Three studies that enrolled a total of 225 patients met inclusion criteria and addressed Key Question 3.(1,3,6) Two of the studies evaluated the VAX-D system(1,3); the remaining study evaluated the Decompression Reduction Stabilization (DRS®) system.(6) One included study was a randomized controlled trial,(6) one was an unblinded controlled trial with an inadequately described method of randomization,(3) and the third study was a non-randomized controlled trial that evaluated the effect of different “doses” of VAX-D) therapy.(1)

An evaluation of the quality of the three included studies found two of the studies to be of low quality.(3,6) The remaining study(1) was found to be highly susceptible to bias (e.g., did not ensure baseline comparability of the groups) and was not considered further in addressing Key Question 3.

One of the remaining two studies compared VAX-D therapy to transcutaneous electrical nerve stimulators (TENS) therapy and the other compared DRS® to traction therapy. Although both studies reported evidence in favor of decompression therapy (significant reductions in pain scores or patient reports of improvement in symptoms), the low quality and low quantity of evidence precludes us from drawing an evidence-based conclusion concerning the efficacy of decompression therapy for treating chronic low back pain at this time. One study described six-month follow up for a subset of patients(3), otherwise, none of the sub-questions could be answered. Neither study included any patients over the age of 65 years.

Key Question 4. What complications, harms, and adverse events associated with decompression therapy have been reported?

1. Would the characteristics of the Medicare population (osteoporosis, etc.) increase the likelihood of adverse events compared to the trial populations?

All ten studies were evaluated for reports of adverse events associated with VAX-D or decompression therapy. The quality and generalizability of the information was not formally evaluated because we included case reports and case series in this evidence base. Uncontrolled studies cannot be used to determine causality or to estimate frequencies of adverse events; they can only be used to generate a list of adverse events possibly attributable to the device.

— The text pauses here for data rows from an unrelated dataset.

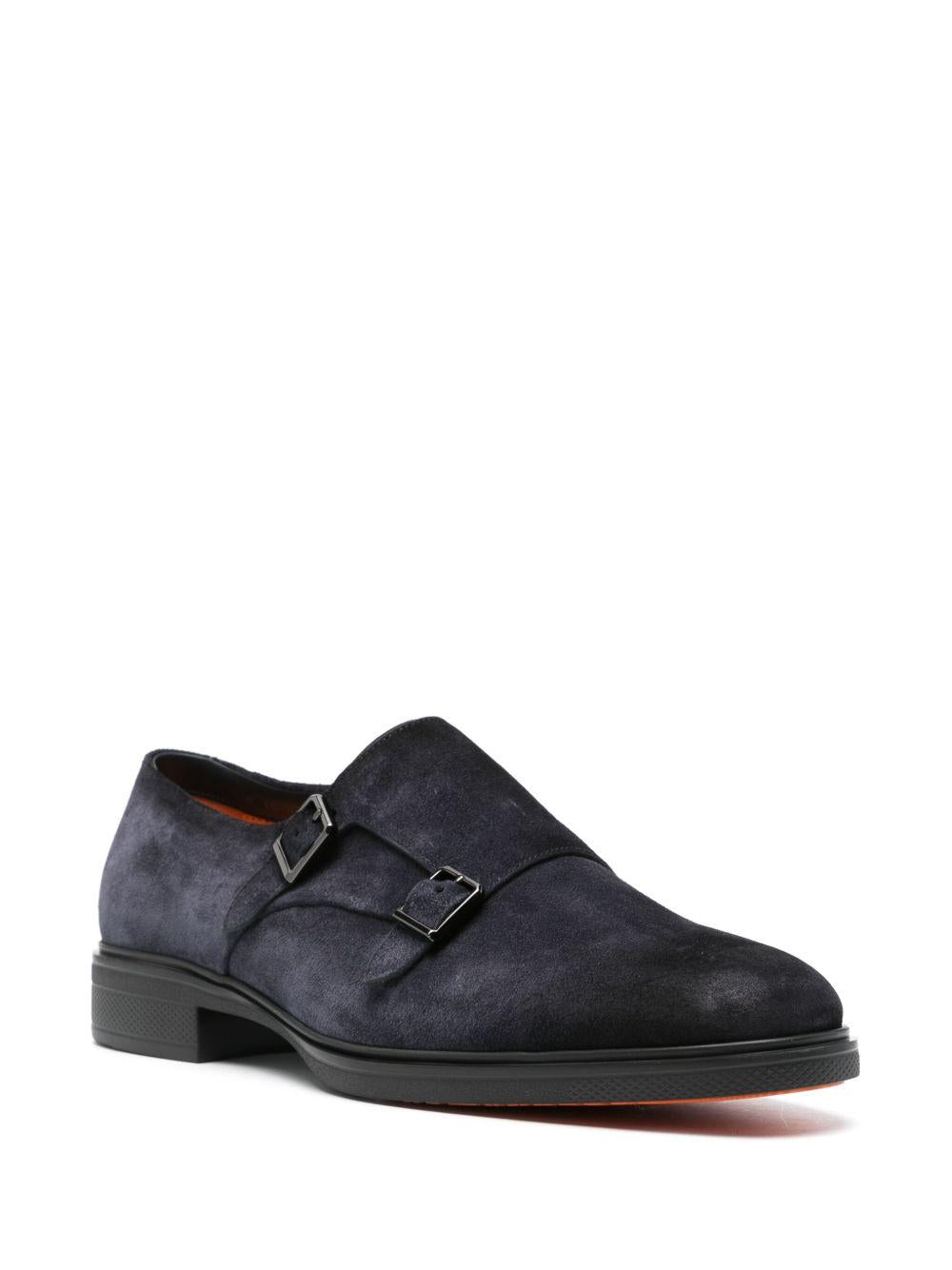 SANTONI Mocassini in suede blu con fibie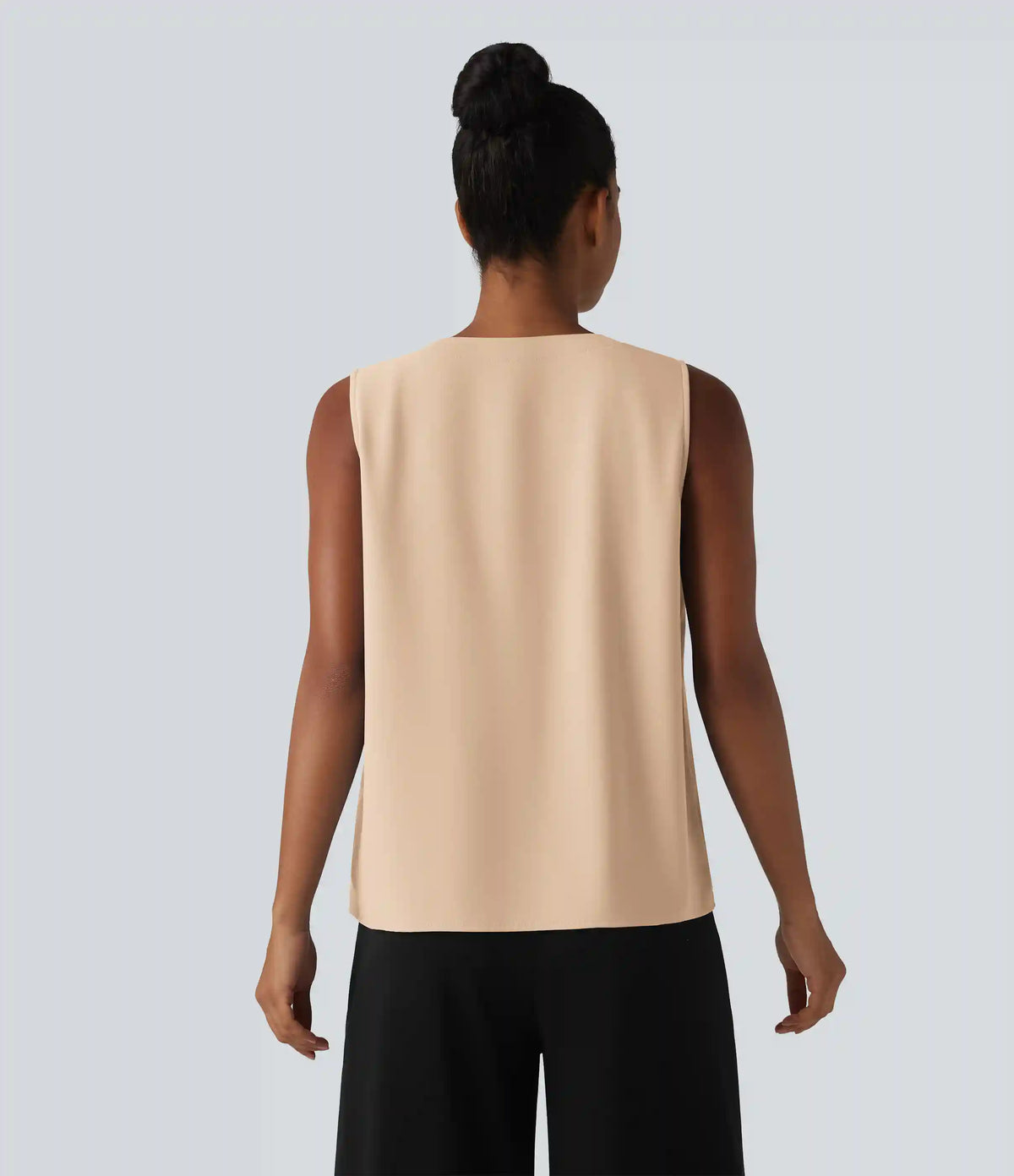 Wrinkle Recovery V Neck Sleeveless Oversized Work Blouse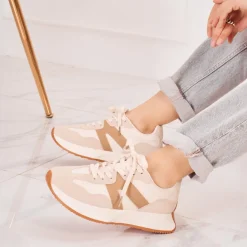 SHOES Annick dame sneakers 8917 - Beige Best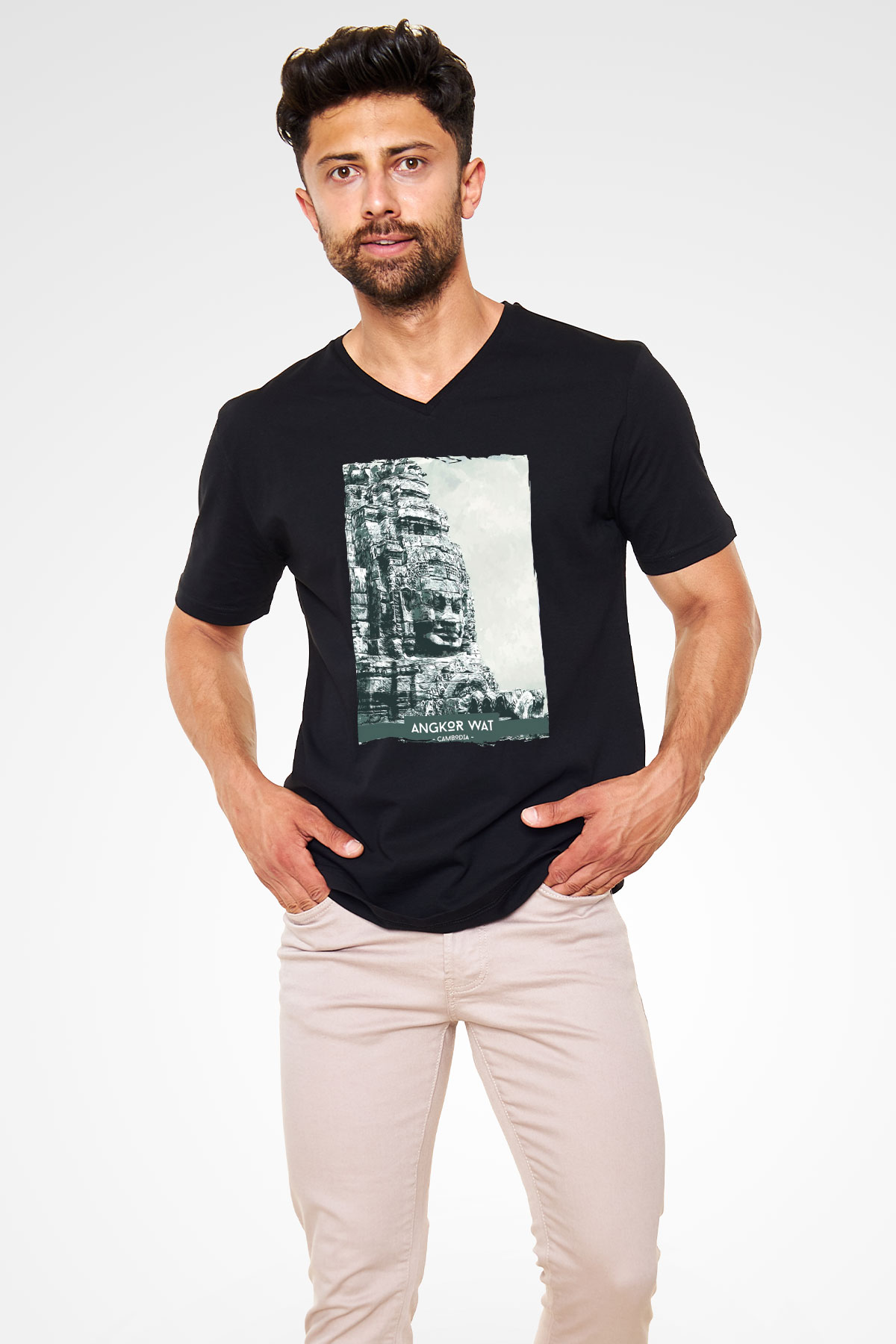 Angkor Vat Siyah Unisex V Yaka Tişört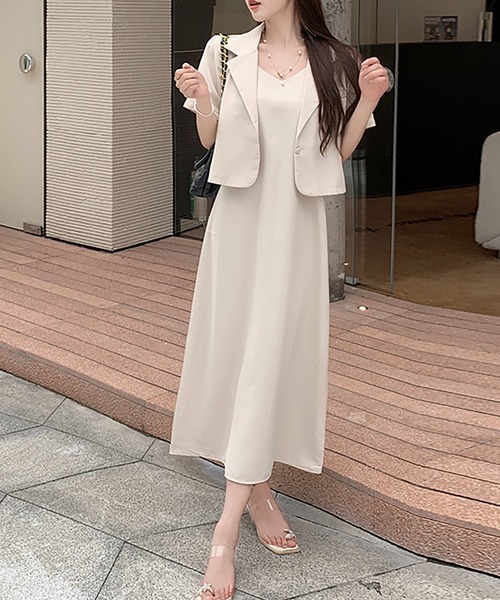 Doula Doula(ドゥーラドゥーラ)の「セットアップ 半袖シャツジャケット&キャミワンピース 2点セット(ワンピース・レディース・ピンク/ベージュ/ブラック・FREE)」の6枚目の写真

Adverse events were reported to occur in association with decompression therapy (one case report of an enlargement of an existing disc protrusion and several reports of treatment-related pain). However, inconsistencies in the reporting of adverse events limits one’s confidence in the true extent of treatment related adverse events. For example, according to a Medical Services Advisory Committee (MSAC) report presented to the Australian government, which included unpublished studies provided by the manufacturer,(4) approximately 10% of individuals who undergo VAX-D therapy are unable to tolerate the procedure. None of the clinical trials included in the present report, including the large case series of Gose et al.(5) (which enrolled 778 patients), reported that any patients were unable to tolerate treatment. Of note, however, this case series was limited to patients who had received at least 10 treatments. Currently there is no evidence to establish whether the common characteristics of the Medicare population (such as the presence of undiagnosed osteoporosis) would increase the likelihood of adverse events when compared to the trial populations. It should be noted that the literature produced by providers of decompression therapy lists osteoporosis as a contraindication for this therapy.